In Culiacán and other parts of violent Sinaloa this year, ordinary Mexicans took to the streets wearing white and chanting for peace, openly begging for international help and even appealing to President Trump to take action against the cartels that have turned their towns into war zones. These are not political radicals — they are parents, shopkeepers, and workers who are fed up with extortion, murder, and trafficked fentanyl wrecking their communities.

President Trump has not been quiet about the crisis; his administration moved to label major cartels as foreign terrorist organizations and repeatedly floated the possibility of using stronger military and intelligence tools to hit cartel operations. Trump has publicly offered U.S. military assistance to Mexico and tied anti-fentanyl efforts to broader pressure campaigns, arguing these criminal networks are a national security threat to the United States.

Mexico’s president, Claudia Sheinbaum, has flatly rejected the notion of U.S. troops operating on Mexican soil, invoking sovereignty and warning against any perceived invasion. Her public refusal — while understandable as a political reflex in Mexico — leaves ordinary Mexicans in cartel-controlled areas feeling betrayed and abandoned by the very institutions meant to protect them.

Let’s be clear: when citizens are begging for help, ideology must take a back seat to security. Conservatives should loudly support those calls for action rather than wringing hands over diplomatic niceties while cartel bullets fly and fentanyl floods American streets.
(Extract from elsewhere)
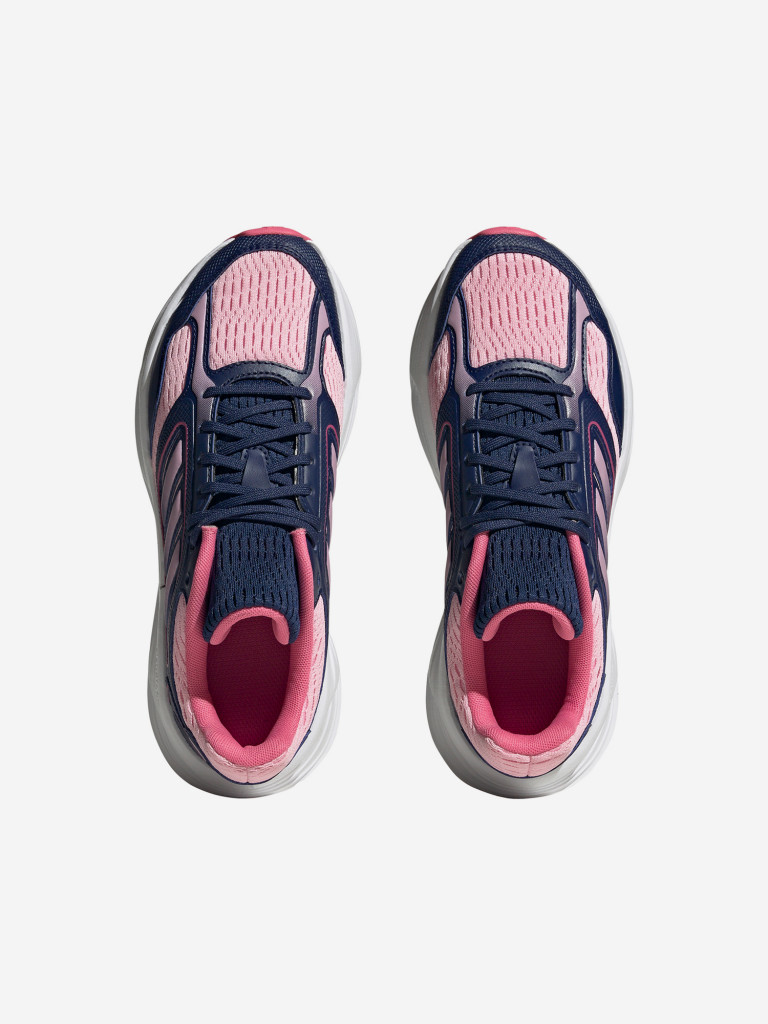 Кроссовки женские adidas Galaxy Star — фото №5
The people of Sinaloa are asking for relief; Washington should listen and give them concrete options, not sanctimonious lectures about sovereignty from leaders who fail to secure their own country.
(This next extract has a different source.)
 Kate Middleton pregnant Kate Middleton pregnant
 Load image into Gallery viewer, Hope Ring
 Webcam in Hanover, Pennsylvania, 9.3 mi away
Designating cartels as terrorist organizations was not a symbolic stunt — it gives law-enforcement and military planners more tools to disrupt global trafficking networks and to go after the financiers and suppliers that keep these cartels running. If the Mexican government will not use every tool available to dismantle these criminal empires, the United States must use economic, legal, and intelligence levers to choke off the flow of drugs and weapons.

President Sheinbaum’s posture reads as political theater when compared to the desperation on the ground; nationalism that protects criminals over citizens is not noble, it is cowardice. If Mexico refuses boots on the ground, then Washington should escalate tariffs, tighten cross-border enforcement, accelerate targeting of cartel finances, and support Mexican prosecutors and honest security forces who are actually willing to take the risk to restore order.

Hardworking Americans and freedom-loving Mexicans deserve leaders who will act, not leaders who posture for political applause while families pay with their lives. Conservatives should rally behind a policy that backs real security and stands with the victims of cartel violence, demanding results from both our own government and from Mexico’s so that communities north and south of the border can finally breathe again.